It's not a new thought but it's worth saying - and repeating so we aren't taken by surprise - that while Barack Obama's election is (hopefully) going to mean major changes (like undoing the Bush Regression to the Robber Baron Era of the late 19th century) in a lot of areas, the major media doesn't have much intention of doing likewise. Glenn Greenwald pointed out this week that despite all the mea culpas over the lousy job they did covering the Bush Regime, NBC (owned by General Electric) has just replaced Tim "Government Stenographers R Us" Russert with David "Government Stenographers R Us" Gregory.
Several months before he was named as moderator of Meet the Press, David Gregory went on MSNBC to categorically reject Scott McClellan's accusations that the American media failed to scrutinize the Bush administration's pre-war claims.
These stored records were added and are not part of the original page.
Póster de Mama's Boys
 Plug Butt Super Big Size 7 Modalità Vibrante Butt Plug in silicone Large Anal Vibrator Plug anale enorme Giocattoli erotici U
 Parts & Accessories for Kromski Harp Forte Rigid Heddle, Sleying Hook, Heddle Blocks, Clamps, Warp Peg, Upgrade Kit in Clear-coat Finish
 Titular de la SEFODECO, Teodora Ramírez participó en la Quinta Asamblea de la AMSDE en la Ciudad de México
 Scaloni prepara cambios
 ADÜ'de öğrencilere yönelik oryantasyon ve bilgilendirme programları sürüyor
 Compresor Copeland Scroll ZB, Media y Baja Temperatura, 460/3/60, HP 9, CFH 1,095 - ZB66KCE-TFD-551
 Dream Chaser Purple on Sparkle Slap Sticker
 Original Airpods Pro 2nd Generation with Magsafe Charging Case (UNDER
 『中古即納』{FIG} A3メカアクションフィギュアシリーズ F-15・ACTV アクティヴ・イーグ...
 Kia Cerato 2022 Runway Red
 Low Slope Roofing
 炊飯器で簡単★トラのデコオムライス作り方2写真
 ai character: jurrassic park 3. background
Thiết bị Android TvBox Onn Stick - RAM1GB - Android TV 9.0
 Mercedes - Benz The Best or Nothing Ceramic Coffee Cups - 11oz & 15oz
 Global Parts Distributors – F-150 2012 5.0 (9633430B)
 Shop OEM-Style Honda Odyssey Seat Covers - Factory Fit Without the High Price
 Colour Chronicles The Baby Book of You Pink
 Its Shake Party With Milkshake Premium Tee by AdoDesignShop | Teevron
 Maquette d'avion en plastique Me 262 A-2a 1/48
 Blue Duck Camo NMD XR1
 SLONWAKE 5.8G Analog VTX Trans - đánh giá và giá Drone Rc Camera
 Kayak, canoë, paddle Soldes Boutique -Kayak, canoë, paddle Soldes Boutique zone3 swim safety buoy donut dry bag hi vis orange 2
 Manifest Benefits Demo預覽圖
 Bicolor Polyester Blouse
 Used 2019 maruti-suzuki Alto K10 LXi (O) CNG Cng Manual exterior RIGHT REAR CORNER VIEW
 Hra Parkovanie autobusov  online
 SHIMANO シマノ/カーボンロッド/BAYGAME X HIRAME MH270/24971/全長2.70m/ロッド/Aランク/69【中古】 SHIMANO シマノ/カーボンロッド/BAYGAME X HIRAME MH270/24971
Gregory vigorously praised the job which he and his "journalistic" colleagues did in the run-up to the Iraq War -- the period which Salon's Gary Kamiya called "one of the greatest collapses in the history of the American media." Proclaimed Gregory, with a straight face: "Questions were asked. I think we pushed. I think we prodded. I think we challenged the President. Not only those of us in the White House Press Corps did that, but others in the media landscape did that." Most revealingly of all, Gregory said:
I think there are a lot of critics who think that . . . . if we did not stand up and say this is bogus, and you're a liar, and why are you doing this, that we didn't do our job. I respectfully disagree. It's not our role.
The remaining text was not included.